- About this task:
Take the lines below from the one with "Utoolmart ディスクペーパー サンダー" through the one with "Paper Favourites - Blok" and print only them, exactly. Don't print the pictures.

━━━━━ Entries shown

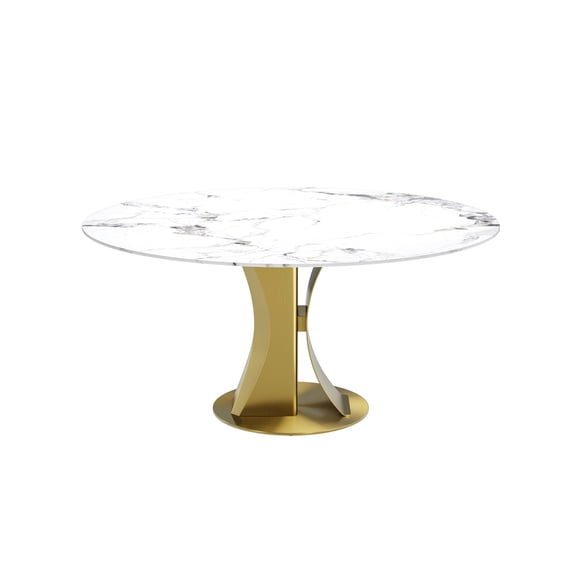 Polished Sintered Stone 54" Round Dining Table with Brushed Titanium Gold Base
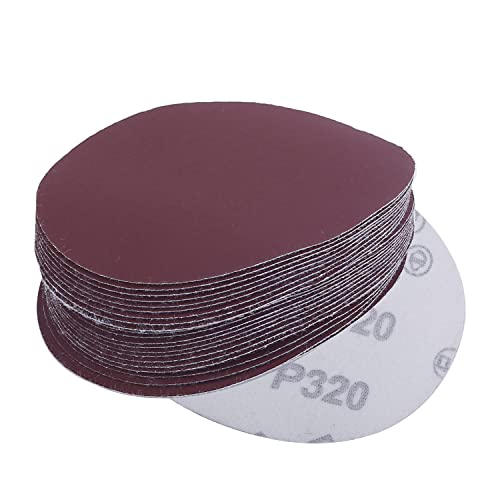 Utoolmart ディスクペーパー サンダー サンディングディスク サンドペーパー ダブルアクション マジック ペーパー 研磨 やすり 電動サンダー用 サンディングパット 木工用 ランダムアクションサンダー用 サンディング 研磨 サンダー用紙やすり丸型 #320 工木工生地研磨用 4インチ 外径 100mm 50枚
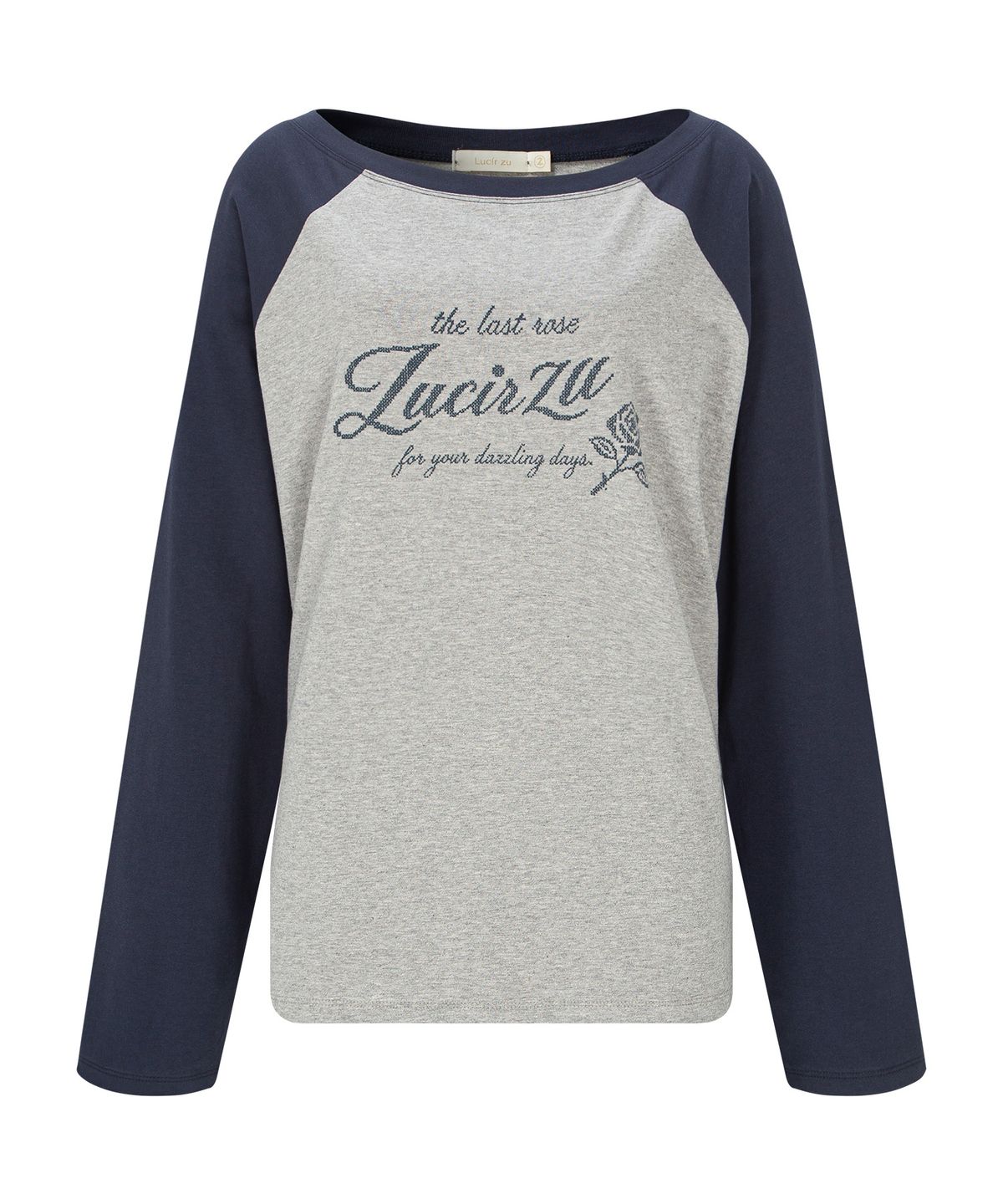루시르주(LUCIR ZU) 20s Cotton Rose Raglan Tee (Indigo)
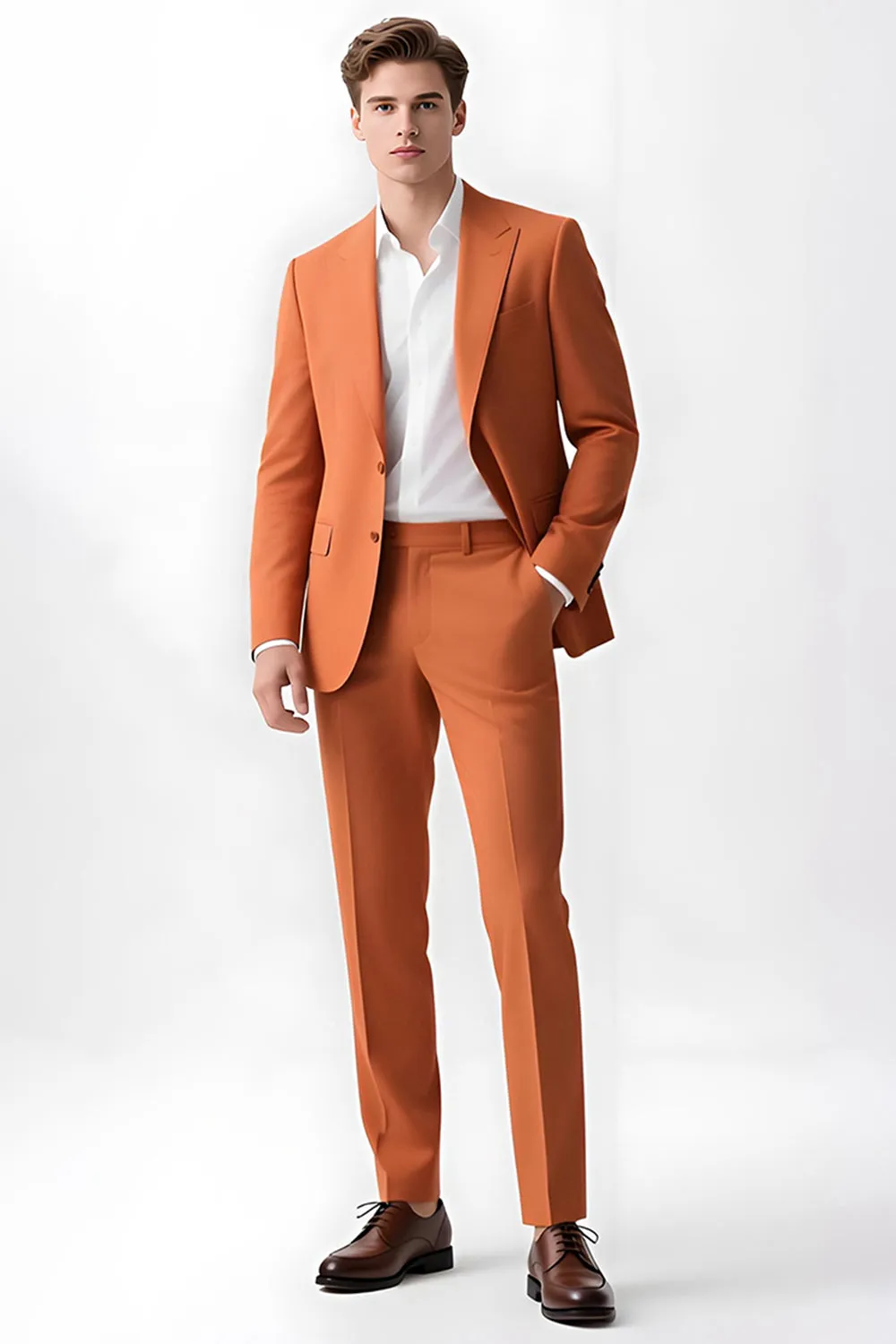 Men's Orange Peak Lapel Single Breasted Prom Suits sold by Zapaka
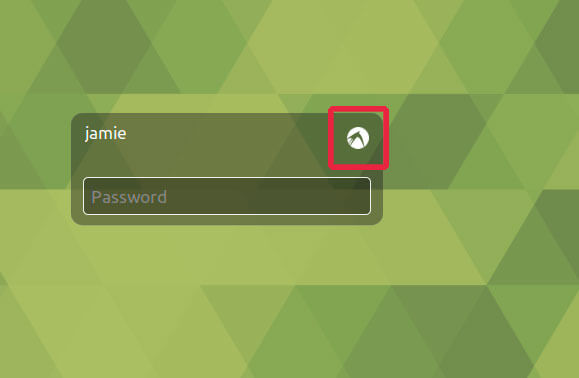 login button to select desktop managers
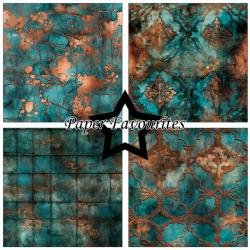 Paper Favourites - Blok 12'' - Copper and Blue / Kobber og bl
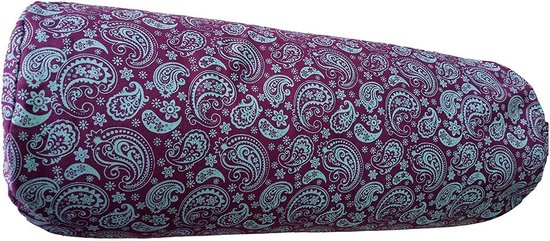 Yoga-Bolster 60 cm - Cilindervormig Ontwerp met Biologische Boekweitvulling, Afneembare Katoenen Hoes, Handige Draagriem voor Yoga en Pilates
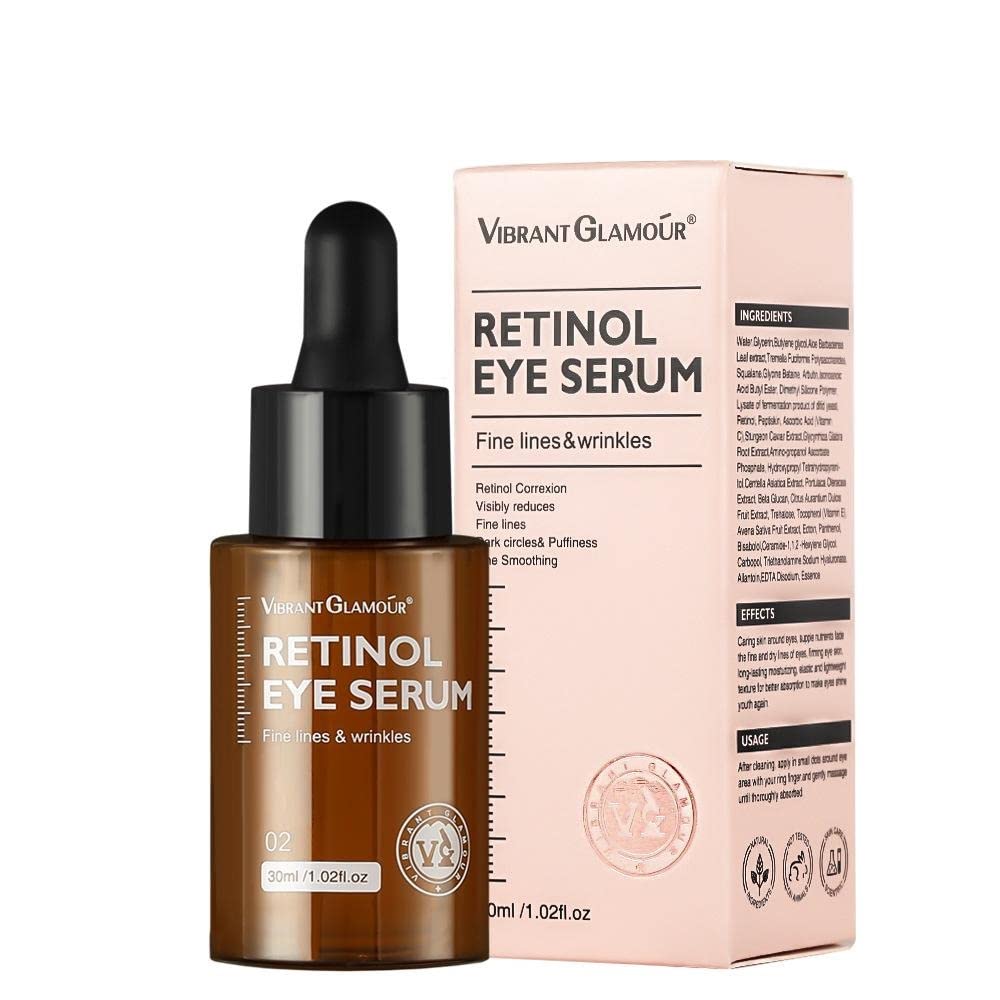 KANZA Retinol Eye Serum | Removes Dark Circles, Fade Fine Lines, Remove Eye Bags, Anti-Wrinkle, Anti-Aging - 30ml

━━━━━━━━━━

- Output for this exercise:
 Utoolmart ディスクペーパー サンダー サンディングディスク サンドペーパー ダブルアクション マジック ペーパー 研磨 やすり 電動サンダー用 サンディングパット 木工用 ランダムアクションサンダー用 サンディング 研磨 サンダー用紙やすり丸型 #320 工木工生地研磨用 4インチ 外径 100mm 50枚
루시르주(LUCIR ZU) 20s Cotton Rose Raglan Tee (Indigo)
 Men's Orange Peak Lapel Single Breasted Prom Suits sold by Zapaka
 login button to select desktop managers
 Paper Favourites - Blok 12'' - Copper and Blue / Kobber og bl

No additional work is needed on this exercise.